Harris Trust and Savings Bank of Chicago is installing a system from Microbank Software Inc. designed to improve the research and adjustment functions in check processing.
The system is called Tracs, an acronym for transaction, research, adjustment correspondent system. Built around personal computers to tied together in local area networks, the technology is installed in more than 90 financial institutions around the world.
When used for adjustments in check processing, Tracs eliminates the need for note cards, files, microfiche, and calculator tapes. It will enable Harris personnel to manage all the tracking and controlling of a question or dispute, as well as its resolution, in an on-line mode.
Data Storage Support
Harris, an affiliate of the Bank of Montreal with $14 billion in assets had been using a version of Tracs in its foreign exchange department. It became the first to use the system in check research and adjustments.
In addition to Tracs system, Harris is installing another product of New York-based Microbank called Stors, a data storage system for all types of transactions.
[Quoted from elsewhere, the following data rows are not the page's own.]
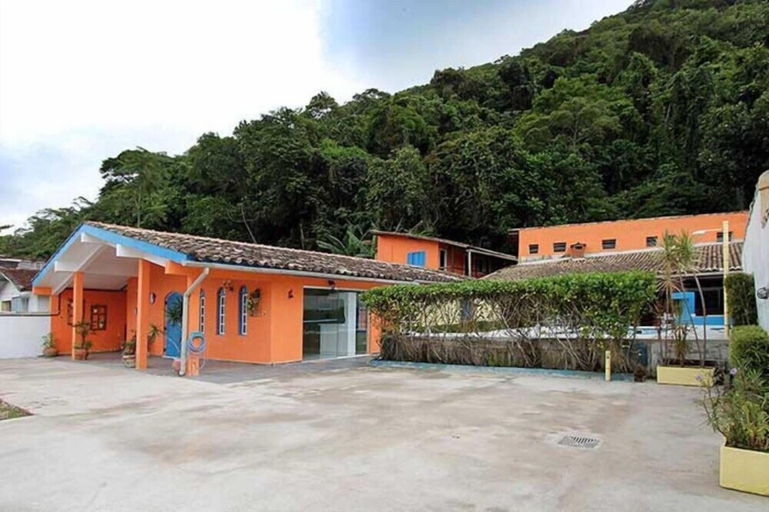Exterior & Views 2, Pousada Porto Paraíso, Guarujá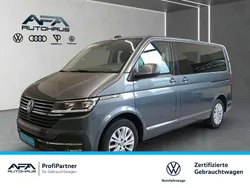 Indiumgrau metallic Gebraucht 2022 VW T6.1 Van | 44.888 € (Superpreis)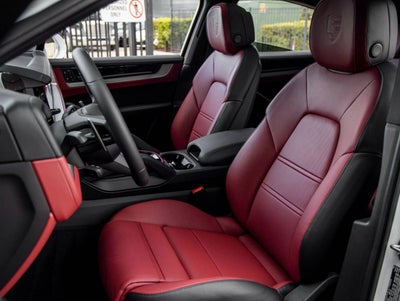 2026 Porsche Cayenne E-Hybrid Coupe Cayenne E-Hybrid Coupe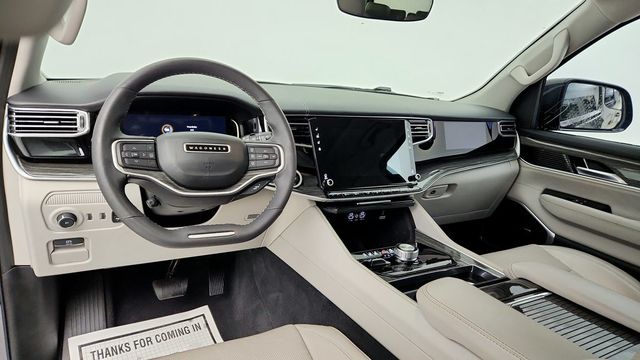 2022 Jeep Wagoneer Series II 4x4 with Premium Group & Front PAX Interactive Display - 22951264 - 12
To support the Microbank technology, Harris also purchased a set of check image retrieval modules from Antinori Software Inc. Using optical disk technology, these modules automatically schedule check retrieval workloads and can instruct the hardware to print a check image or fax an image to a branch, to an adjustments clerk, or even directly to a bank customer.
According to Beth Server, a vice president at Harris Trust, the decision to install Tracs in check processing is part of a bankwide effort to improve processes and procedures.
"We've been focusing on cost reduction efforts through process improvement," Ms. Server said. "A year and half ago we looked at ways to reengineer adjustments handling. Tracs gives us the means to integrate client server technology into host applications."
Bill Andrews, assistant vice president, said the decision to use software that runs on networked workstations will allow Harris to take advantage of future processing enhancements. He also indicated that when using imaging capability, it is more cost-effective to connect additional workstations to the network is than adding central computer power.
Rapid Return Expected
Mr. Andrews said he expects the Microbank system will pay for itself in less than 18 months through the elimination of microfiche and mainframe storage costs as well as through a reduction in labor costs. Improvements are also expected through better work flows and customer service.
Harris' system is expected to be operational by the end of the year. At first, Tracs will be used primarily by back-office personnel and the possibility of installing it for use in Harris branches is being explored.
Mr. Andrews said that the bank is also considering applications in the automated clearing house and wire transfer areas.